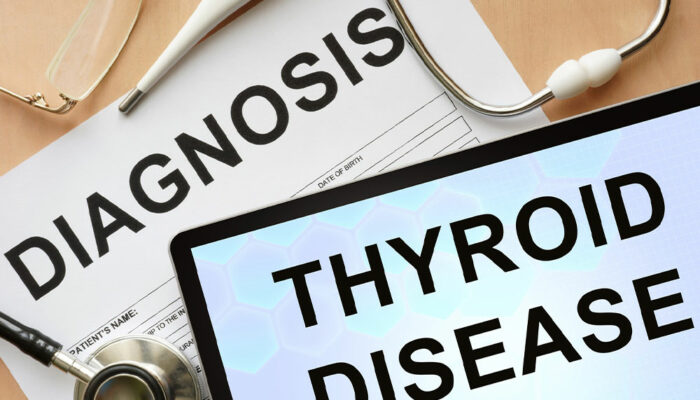 Thyroid Symptoms, Causes, Natural Remedies and Side Effects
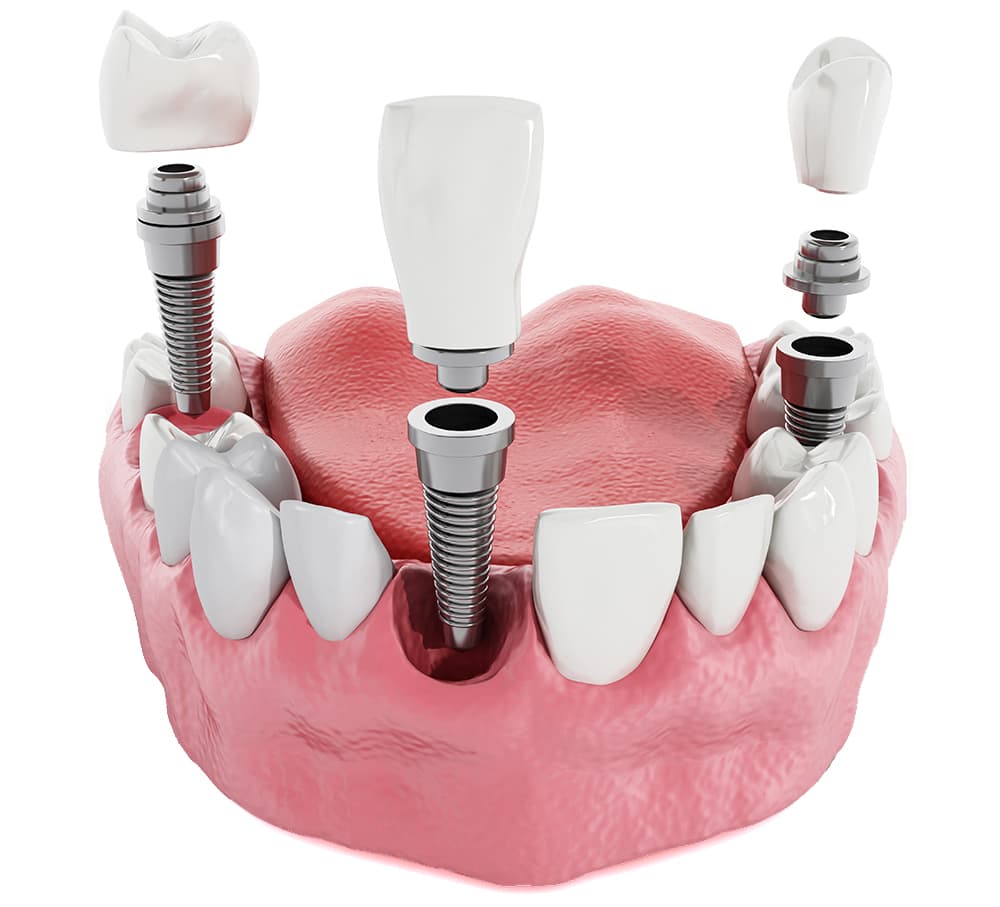 Illustratie van tandheelkundige implantaten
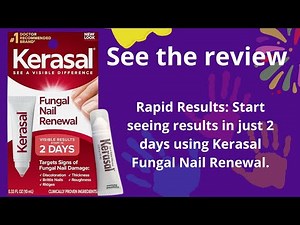 Kerasal Nail Renewal REVIEW – Does It REALLY Restore Discolored & Damaged Nails?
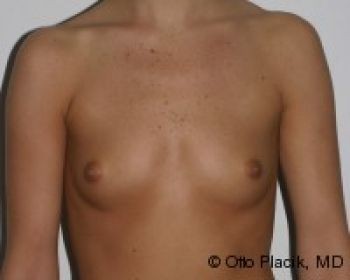 Before & After Breast Augmentation Gallery - Before & After - Dr. Placik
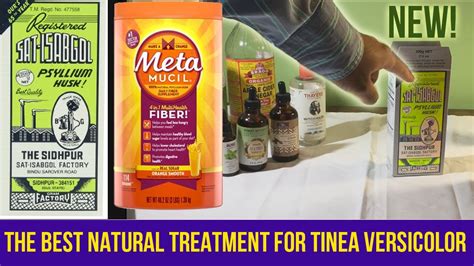 The Best Natural Treatment For Tinea Versicolor Skin Fungus Using
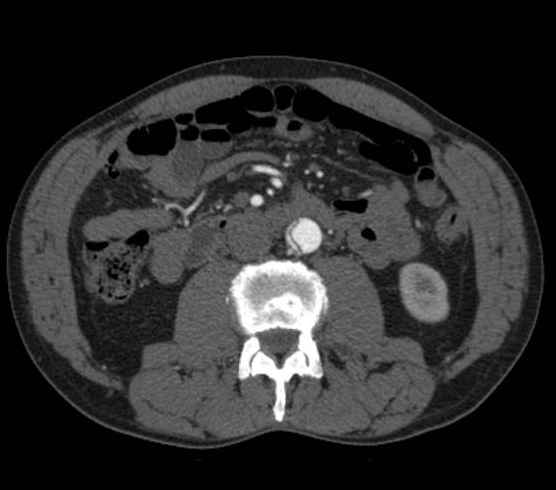 Aortic dissection - Stanford type B (Radiopaedia 73648-84437 A 166).jpg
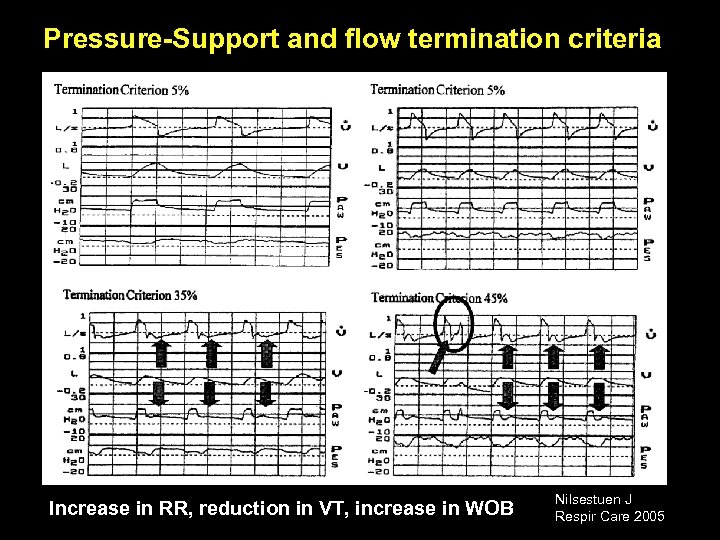 Pressure-Support and flow termination criteria Increase in RR, reduction in VT, increase in WOB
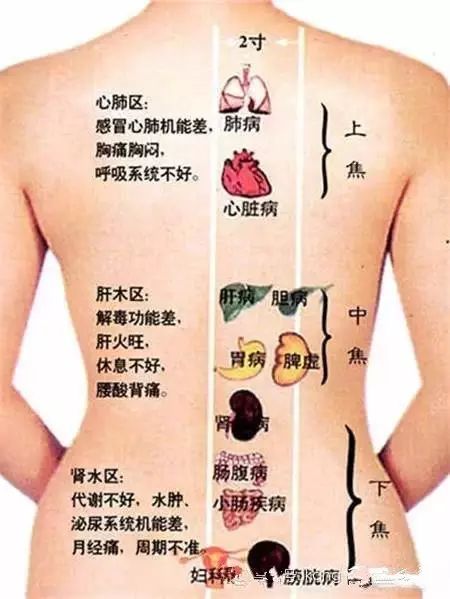 Cupping Therapy on the Back: More Effective than Medication!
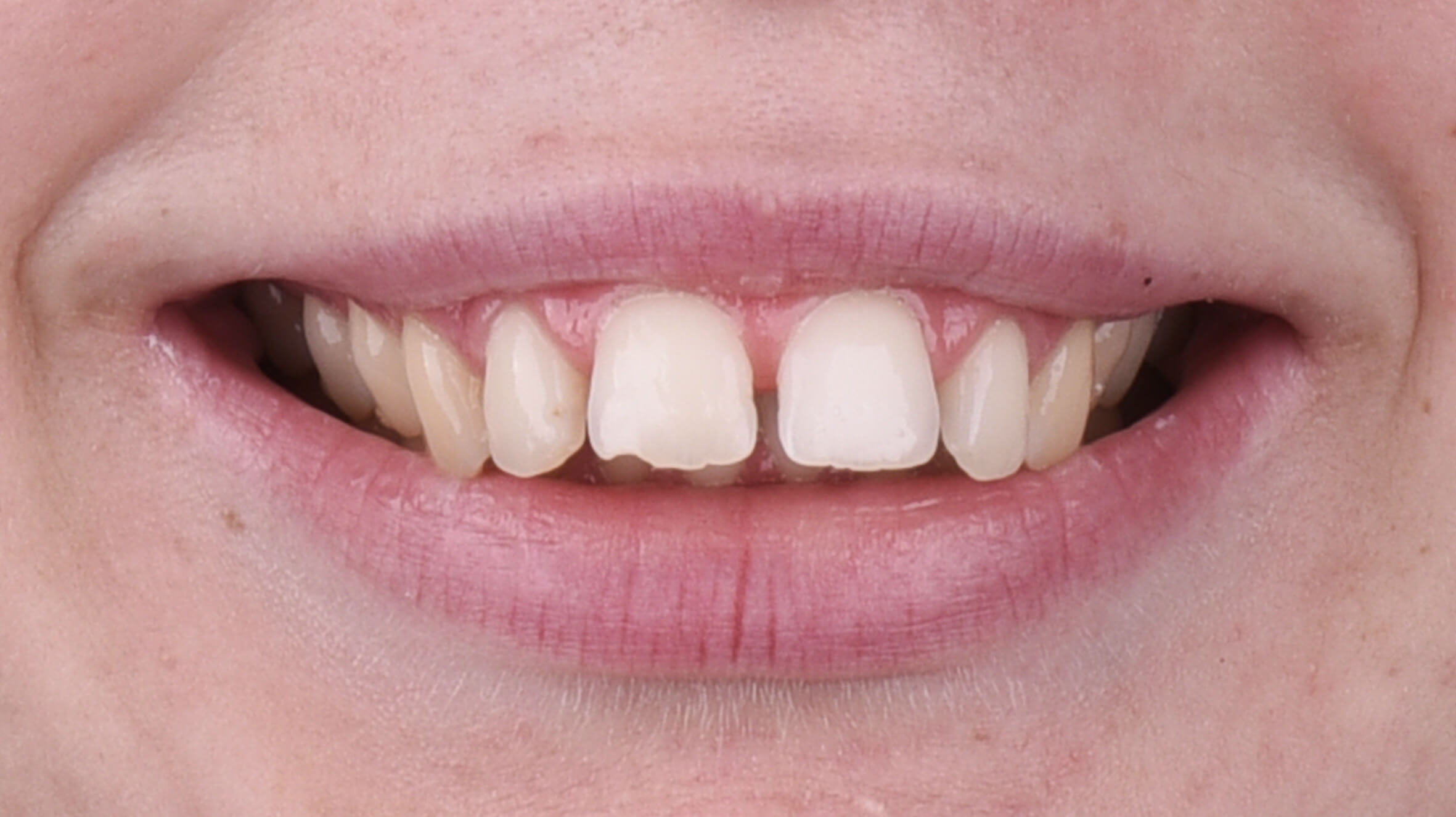 Sorriso antes do tratamento ortodôntico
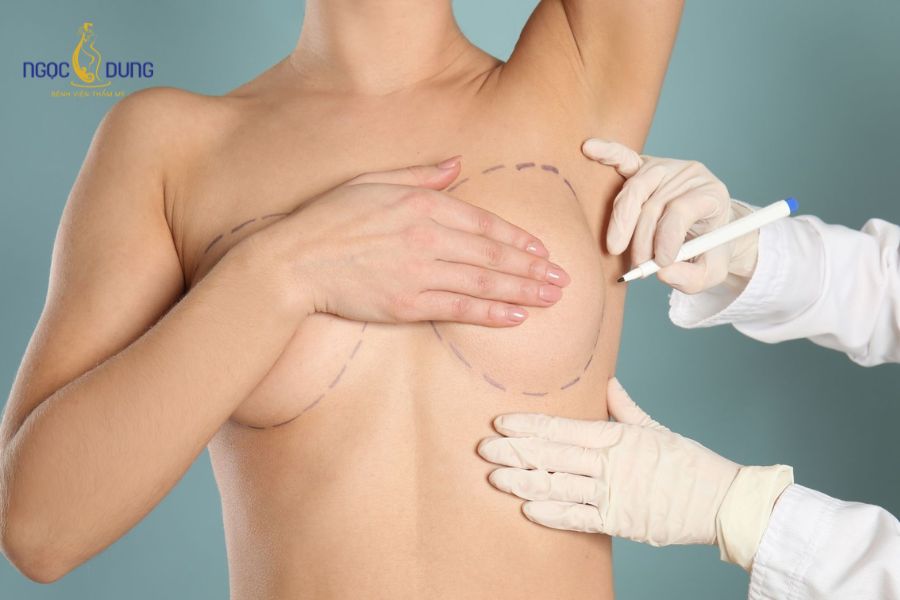 Nâng ngực bằng túi độn: Giải pháp, chi phí và quy trình 11 Mô phỏng vị trí đặt túi độn ngực giúp kiến tạo bầu ngực căng tròn, cân đối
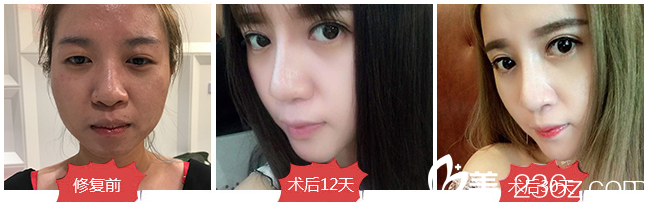 廣東畫美姜友定雙眼皮失敗修復(fù)案例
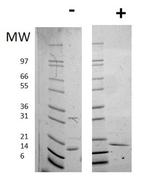 Human IL-16 Protein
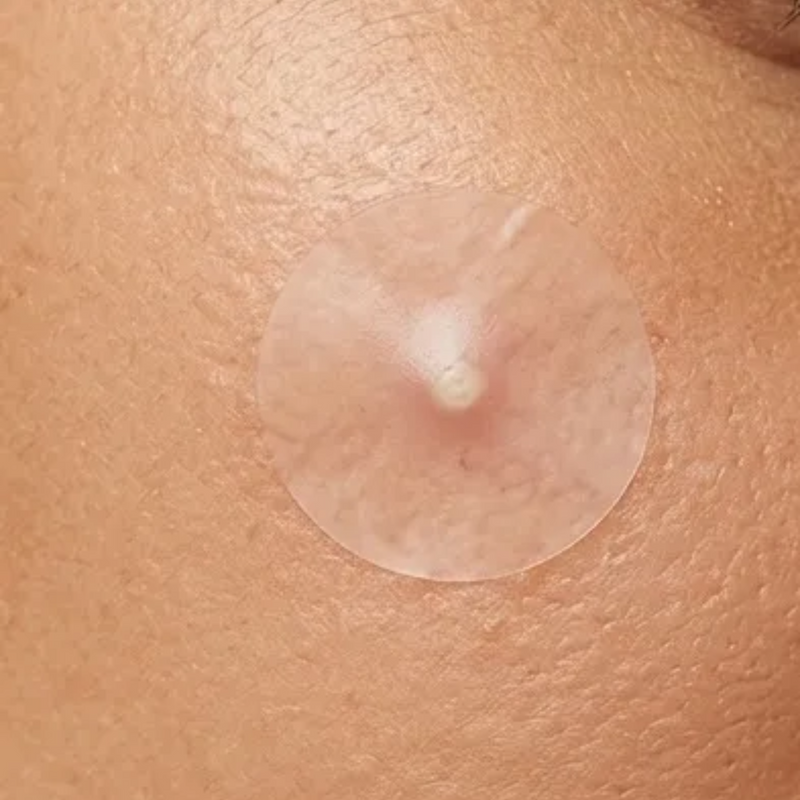 pimple patch on spot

※

| HOW TO COMPLETE THIS TASK |
Begin at the top of the material above and output each line exactly, stopping after the line that holds "Aortic dissection - Stanford". Leave out pictures.

| RESPONSE TO THIS EXERCISE |
 Thyroid Symptoms, Causes, Natural Remedies and Side Effects
 Illustratie van tandheelkundige implantaten
 Kerasal Nail Renewal REVIEW – Does It REALLY Restore Discolored & Damaged Nails?
 Before & After Breast Augmentation Gallery - Before & After - Dr. Placik
 The Best Natural Treatment For Tinea Versicolor Skin Fungus Using
 Aortic dissection - Stanford type B (Radiopaedia 73648-84437 A 166).jpg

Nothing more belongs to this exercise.